See bug 117707 comment 93 for a list of CAPS prefs that were set by the old UI.  Note that some of them (methods and window.status-related) don't end in ".set", so fixing this isn't a simple matter of making CAPS-blocked assignment be a no-op.
> new preferences were introduced 

Isn't this a profile migration issue, then?  Not sure why this is filed in CAPS.

> this isn't a simple matter of making CAPS-blocked assignment be a no-op.

Doing that would be bad in any case.

Comment 2

11 years ago
Thanks Jesse for opening this. We can help and exploit our exception reporting system as an early warning system for Firefox to some extent.

We have installed this system mainly because it had proven impossible to get information from the users themselves. As you write there are mysterious errors. 

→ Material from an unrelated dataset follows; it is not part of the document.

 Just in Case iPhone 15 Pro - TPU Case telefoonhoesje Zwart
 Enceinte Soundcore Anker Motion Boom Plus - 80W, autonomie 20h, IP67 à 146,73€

From years of experience with this system, I can report that it can take months if not years to get to the root cause (with testcase) of some mysterious errors. I can only propose to eliminate the more obvious and easy-to-fix culprits as soon as possible, because they have the potential to cause other errors in unknown combinations.

btw one of our biggest nightmares are content inserting and content modifying proxies/firewalls. They insert scripts in front of and after the original document. There is little one can do against these - it is a kind of a war to restore event handlers that they disable - some go as far as scanning the whole document for event handlers and javascript: links and yes they do replace them with their own code.

Of course the line numbers of any errors in our code (if any) is offset by the number of lines of the proxy code before the original document.

Maybe some genius will find a way to eliminate these toxic scripts, or at least introduce an easy way to detect them.

I am not joking, it is a big issue. If the "accept-encoding" header is missing or the "gzip" value is missing then that is a warning sign already because at this stage, it appears that none of these "active" firewalls supports compression.

So there we have another reason to remove any aggressive settings that throw exceptions. Neither the users nor the site authors have full control of what code hits the browser eventually.

What I can tell so far is that in this context all these errors happen on line number 0 which is rare, and it seems to happen with the primary statement in an event handler such as onmouseover, onclick, onload etc. or setTimeout().

(Reporter)

Comment 3

11 years ago
Serving your page using https would take care of those MITM attacks ;)
Is this still a problem, or can this be closed?